Kosher Eating Question

I am aware that when eating kosher you’re not supposed to mix meat and dairy in the same meal. The question is, how much time needs to elapse before you can, say, follow up that roast beef and rye sandwich with an ice cream cone? Is there a set time period or just “something reasonable”?

Kashrut: Jewish Dietary Laws - Judaism 101 (JewFAQ)

A bacon cheese burger on a sesame seed bun is definitely NOT kosher during Passover.

True, but have you ever had a ham and cheese sandwich on matzoh during Passover? I have.

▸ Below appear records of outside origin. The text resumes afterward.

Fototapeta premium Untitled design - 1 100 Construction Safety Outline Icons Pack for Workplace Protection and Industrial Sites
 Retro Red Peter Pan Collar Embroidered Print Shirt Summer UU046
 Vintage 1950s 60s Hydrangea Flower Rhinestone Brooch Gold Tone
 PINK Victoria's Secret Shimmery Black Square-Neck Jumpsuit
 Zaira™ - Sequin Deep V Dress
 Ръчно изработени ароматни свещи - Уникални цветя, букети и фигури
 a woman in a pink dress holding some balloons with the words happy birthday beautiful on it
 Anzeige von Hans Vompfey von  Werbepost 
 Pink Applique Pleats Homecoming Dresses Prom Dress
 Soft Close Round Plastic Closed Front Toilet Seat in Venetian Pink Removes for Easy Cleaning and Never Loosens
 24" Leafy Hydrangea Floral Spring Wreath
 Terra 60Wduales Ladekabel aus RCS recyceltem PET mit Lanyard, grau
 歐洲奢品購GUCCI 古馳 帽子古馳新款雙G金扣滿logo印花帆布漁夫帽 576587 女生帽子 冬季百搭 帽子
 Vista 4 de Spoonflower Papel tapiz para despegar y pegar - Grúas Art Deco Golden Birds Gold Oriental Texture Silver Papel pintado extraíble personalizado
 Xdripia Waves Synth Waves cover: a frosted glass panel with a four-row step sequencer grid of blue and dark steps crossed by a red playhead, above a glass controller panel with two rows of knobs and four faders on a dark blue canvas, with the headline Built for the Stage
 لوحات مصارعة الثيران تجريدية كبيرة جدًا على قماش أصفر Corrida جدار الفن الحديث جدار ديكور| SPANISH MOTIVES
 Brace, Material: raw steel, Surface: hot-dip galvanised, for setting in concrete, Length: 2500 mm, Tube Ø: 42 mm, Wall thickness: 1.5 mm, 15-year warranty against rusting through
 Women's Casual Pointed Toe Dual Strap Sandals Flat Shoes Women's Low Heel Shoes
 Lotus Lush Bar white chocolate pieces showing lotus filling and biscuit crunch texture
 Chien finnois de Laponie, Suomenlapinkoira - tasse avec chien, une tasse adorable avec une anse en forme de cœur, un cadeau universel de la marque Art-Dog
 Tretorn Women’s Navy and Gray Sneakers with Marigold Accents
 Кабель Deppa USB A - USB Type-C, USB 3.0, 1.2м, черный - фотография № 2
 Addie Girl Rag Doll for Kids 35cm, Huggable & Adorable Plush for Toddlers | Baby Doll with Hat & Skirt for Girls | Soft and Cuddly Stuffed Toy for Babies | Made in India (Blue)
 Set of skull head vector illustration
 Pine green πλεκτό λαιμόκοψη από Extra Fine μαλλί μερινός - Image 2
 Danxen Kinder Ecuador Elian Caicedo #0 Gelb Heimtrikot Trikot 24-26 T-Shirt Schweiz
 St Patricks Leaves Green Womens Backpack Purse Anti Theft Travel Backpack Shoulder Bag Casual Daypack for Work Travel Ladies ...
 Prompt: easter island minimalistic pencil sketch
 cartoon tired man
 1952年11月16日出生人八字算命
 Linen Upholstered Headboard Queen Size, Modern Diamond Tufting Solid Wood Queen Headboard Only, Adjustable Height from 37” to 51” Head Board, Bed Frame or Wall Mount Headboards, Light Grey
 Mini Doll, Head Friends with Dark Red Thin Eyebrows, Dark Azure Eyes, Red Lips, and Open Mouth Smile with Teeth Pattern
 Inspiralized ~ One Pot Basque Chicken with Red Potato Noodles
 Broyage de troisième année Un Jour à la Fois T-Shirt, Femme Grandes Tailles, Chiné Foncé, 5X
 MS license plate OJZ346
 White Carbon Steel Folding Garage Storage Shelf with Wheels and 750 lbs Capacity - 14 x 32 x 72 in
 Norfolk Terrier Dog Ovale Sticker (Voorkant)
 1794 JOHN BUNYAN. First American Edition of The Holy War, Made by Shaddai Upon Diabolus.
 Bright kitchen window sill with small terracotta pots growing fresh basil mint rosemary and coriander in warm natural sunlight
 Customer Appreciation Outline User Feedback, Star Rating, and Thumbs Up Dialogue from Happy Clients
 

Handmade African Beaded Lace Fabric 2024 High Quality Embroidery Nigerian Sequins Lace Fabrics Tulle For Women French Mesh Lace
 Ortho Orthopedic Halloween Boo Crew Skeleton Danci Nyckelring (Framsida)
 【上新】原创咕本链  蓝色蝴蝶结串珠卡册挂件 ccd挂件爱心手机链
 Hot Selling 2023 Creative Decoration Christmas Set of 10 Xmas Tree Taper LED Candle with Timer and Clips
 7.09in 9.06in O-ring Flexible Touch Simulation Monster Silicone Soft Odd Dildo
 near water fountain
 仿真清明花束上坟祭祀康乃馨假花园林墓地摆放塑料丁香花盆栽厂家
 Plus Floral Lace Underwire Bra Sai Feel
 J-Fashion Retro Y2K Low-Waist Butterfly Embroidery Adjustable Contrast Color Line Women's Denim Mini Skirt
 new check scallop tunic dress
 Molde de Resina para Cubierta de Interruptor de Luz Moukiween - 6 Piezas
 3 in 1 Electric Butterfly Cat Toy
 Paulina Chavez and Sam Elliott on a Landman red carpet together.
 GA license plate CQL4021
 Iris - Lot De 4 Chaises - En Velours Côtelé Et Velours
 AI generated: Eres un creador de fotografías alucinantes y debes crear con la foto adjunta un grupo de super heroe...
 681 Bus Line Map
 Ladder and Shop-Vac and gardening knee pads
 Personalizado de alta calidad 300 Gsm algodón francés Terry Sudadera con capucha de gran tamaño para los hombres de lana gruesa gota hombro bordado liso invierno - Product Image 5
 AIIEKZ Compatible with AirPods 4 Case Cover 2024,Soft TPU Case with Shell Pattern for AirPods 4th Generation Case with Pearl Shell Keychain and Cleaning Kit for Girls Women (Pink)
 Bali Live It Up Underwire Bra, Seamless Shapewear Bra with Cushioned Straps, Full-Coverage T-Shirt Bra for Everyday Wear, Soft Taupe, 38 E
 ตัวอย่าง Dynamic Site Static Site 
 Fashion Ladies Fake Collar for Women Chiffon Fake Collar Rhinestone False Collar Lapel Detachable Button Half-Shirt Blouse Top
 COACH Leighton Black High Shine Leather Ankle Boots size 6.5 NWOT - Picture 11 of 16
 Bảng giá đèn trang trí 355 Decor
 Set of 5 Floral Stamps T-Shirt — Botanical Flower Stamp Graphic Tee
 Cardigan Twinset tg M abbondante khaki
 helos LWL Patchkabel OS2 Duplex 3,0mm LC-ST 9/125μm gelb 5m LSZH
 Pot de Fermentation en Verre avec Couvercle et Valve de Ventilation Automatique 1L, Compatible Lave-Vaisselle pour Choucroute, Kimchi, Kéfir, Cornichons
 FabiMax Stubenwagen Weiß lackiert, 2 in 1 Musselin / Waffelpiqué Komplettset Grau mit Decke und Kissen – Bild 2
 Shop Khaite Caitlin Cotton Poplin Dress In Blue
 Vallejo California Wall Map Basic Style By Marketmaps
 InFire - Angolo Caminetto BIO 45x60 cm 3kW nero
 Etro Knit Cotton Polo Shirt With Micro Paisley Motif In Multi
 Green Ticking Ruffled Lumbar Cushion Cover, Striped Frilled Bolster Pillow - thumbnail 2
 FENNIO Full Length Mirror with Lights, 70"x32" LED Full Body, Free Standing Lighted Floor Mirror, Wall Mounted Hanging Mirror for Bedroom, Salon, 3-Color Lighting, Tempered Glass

I don’t where I got it from, but I heard that four hours is enough. Just for the record, I have never had kid boiled in its mother’s milk.

If you really wanna’ lose your rugelach, check out what Woody Allen’s BIL consumes during a major Jewish holiday in the film “Radio Days.”

Dammit. Okay, I’ll just have the crabcakes.

*Nothing *in Judaic law is that simple.

I feel guilty when I do that. Every time.

I wait 6 hours after meat and 30 minutes after dairy. I keep Kosher since 1996, but I am only partially observant.

I still do an involuntary shudder when I hear someone order ham and cheese on a bagel. McDonalds used to have them.

You don’t even have to be Jewish! An observant Muslim wouldn’t eat a bacon cheese burger on a sesame seed bun on Passover either. (ETA: This is probably true of observant Adventists too.)

Thanks for the answers.

I find it interesting that the waiting period for meat is so much longer than for (most) dairy.

No, but I one spent Yom Kippur eating pork schnitzel cooked by an Austrian. For real.

What’s wrong with Austrians?

Off hand, there was this one guy, about 80 years ago…

I didn’t realize that Arnold Schwarzenegger was that old!

The first time I ever ate at a Kosher deli I ordered pastrami and Swiss on rye. Oops. The waitress stared at me for a minute, apparently decided I wasn’t being a wiseass, and explained why they couldn’t serve that.

Fast forward a few years and I am heading to Tel Aviv on a business trip. I am all worried about repeating my faux pas in a less forgiving environment, so I study up on Kosher rules. Sit down to my first dinner after landing, look over the menu, and see shrimp wrapped in bacon in a cream sauce. Strike one, strike two, and strike three. Never had to worry about Kosher rules the entire trip.

There was a kosher deli near us that would sell me a corned beef and Swiss on rye, but only if I promised it was for take-out and that I wouldn’t unwrap the separately wrapped cheese and put it on my sandwich until after I left the premises.

So I’m guessing the “Krusty the Clown” sandwich (ham, bacon, and sausage with a smidge of mayo on white bread) wouldn’t be kosher.

Wolfgang Puck. We lose more jews each year in just this way…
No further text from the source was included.